1 hour: Dim the lights & turn off all screens
Before the invention of lightbulbs, humans would generally build their days around the sun. They woke by natural sunlight and would finish work as the sunset.
But since the invention of the incandescent lightbulb by Thomas Edison, we have seen increasing pressure to hand over our evenings and work longer hours. Edison prided himself on sleeping only 3 to 4 hours a night, once stating, “Sleep is a criminal waste of time, inherited from our cave days”. I’m not sure Edison and I would have been friends!
Like most creatures in the animal kingdom, humans run on an internal body clock. This process regulates our alertness and sleepiness throughout a 24-hour cycle. For this process to run smoothly we need both light and total darkness. Which was easy enough until artificial light entered the scene.

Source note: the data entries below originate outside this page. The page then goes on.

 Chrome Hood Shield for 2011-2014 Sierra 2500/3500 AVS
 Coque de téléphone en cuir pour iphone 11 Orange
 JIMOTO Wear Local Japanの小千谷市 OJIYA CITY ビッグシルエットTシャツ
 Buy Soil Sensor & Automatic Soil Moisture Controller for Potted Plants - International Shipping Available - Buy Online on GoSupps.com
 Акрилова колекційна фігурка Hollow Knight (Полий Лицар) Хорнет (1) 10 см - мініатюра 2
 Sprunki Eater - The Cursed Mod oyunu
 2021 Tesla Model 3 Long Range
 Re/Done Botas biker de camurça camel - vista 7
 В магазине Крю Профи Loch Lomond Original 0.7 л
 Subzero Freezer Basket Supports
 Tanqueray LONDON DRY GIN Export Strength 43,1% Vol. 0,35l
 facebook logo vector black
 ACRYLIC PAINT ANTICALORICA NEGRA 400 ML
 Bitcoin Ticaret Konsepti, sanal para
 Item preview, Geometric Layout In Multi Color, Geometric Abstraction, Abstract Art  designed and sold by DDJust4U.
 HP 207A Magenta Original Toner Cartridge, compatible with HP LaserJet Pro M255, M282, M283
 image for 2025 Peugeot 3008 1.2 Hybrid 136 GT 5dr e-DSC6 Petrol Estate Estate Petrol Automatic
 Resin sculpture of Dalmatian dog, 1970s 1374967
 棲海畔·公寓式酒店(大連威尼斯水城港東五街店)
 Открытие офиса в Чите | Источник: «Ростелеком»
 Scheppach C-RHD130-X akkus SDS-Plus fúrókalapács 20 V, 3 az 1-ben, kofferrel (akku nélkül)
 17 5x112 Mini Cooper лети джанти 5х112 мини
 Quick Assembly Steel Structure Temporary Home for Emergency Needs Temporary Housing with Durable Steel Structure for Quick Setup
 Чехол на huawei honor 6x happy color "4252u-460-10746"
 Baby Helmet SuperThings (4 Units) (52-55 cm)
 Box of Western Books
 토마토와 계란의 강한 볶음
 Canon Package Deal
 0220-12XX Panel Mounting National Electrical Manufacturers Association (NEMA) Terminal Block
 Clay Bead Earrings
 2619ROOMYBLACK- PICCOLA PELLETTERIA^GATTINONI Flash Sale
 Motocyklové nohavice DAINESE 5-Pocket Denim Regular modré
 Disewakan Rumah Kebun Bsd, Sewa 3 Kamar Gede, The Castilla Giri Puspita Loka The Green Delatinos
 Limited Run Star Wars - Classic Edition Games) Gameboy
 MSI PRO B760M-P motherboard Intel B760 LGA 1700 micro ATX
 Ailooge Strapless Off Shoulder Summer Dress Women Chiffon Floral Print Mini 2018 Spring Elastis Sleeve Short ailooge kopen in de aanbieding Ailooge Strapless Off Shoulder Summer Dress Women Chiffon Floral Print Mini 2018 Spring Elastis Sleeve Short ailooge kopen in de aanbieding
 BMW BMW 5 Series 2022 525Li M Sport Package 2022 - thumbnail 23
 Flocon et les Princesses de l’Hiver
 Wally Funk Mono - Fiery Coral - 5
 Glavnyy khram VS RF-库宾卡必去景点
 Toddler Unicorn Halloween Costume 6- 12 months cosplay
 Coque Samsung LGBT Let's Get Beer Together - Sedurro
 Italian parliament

Now we have to actively work hard to recreate the darkness and support our circadian rhythm. If we don’t then both our days and nights suffer seriously.
Although blue light emitted from televisions, laptops and phone screens is often named as the villain in sleep loss but the truth is that all unnatural light beyond a certain time is damaging to our sleep.
We need at least an hour of dim light before bed to send cues to our brain that it is almost time for rest.
Consider adding dimmer switches or lamps with multiple settings. A cheaper alternative is switching to lower wattage bulbs in a handful of lamps around your house.
30 Minutes: Start your bedtime routine
Sleep Siren’s reason for being: the bedtime routine. It’s much more than just business though.
Any parents reading this will know the importance of a bedtime routine. The bath, massage, bottle, book - each component helps your child wind down further and sets the scene for a good night’s sleep.
That's because our brains crave habit. They seek it out day-to-day and if it isn’t there, they create it. Keeping consistent routines helps our brain know what’s coming next.
By creating a consistent and achievable routine for yourself each night, you give your brain a helping hand in knowing sleep is imminent. Try to find products that calm your spirits, that you truly look forward to using. That way you’re more likely to stick to your new routine.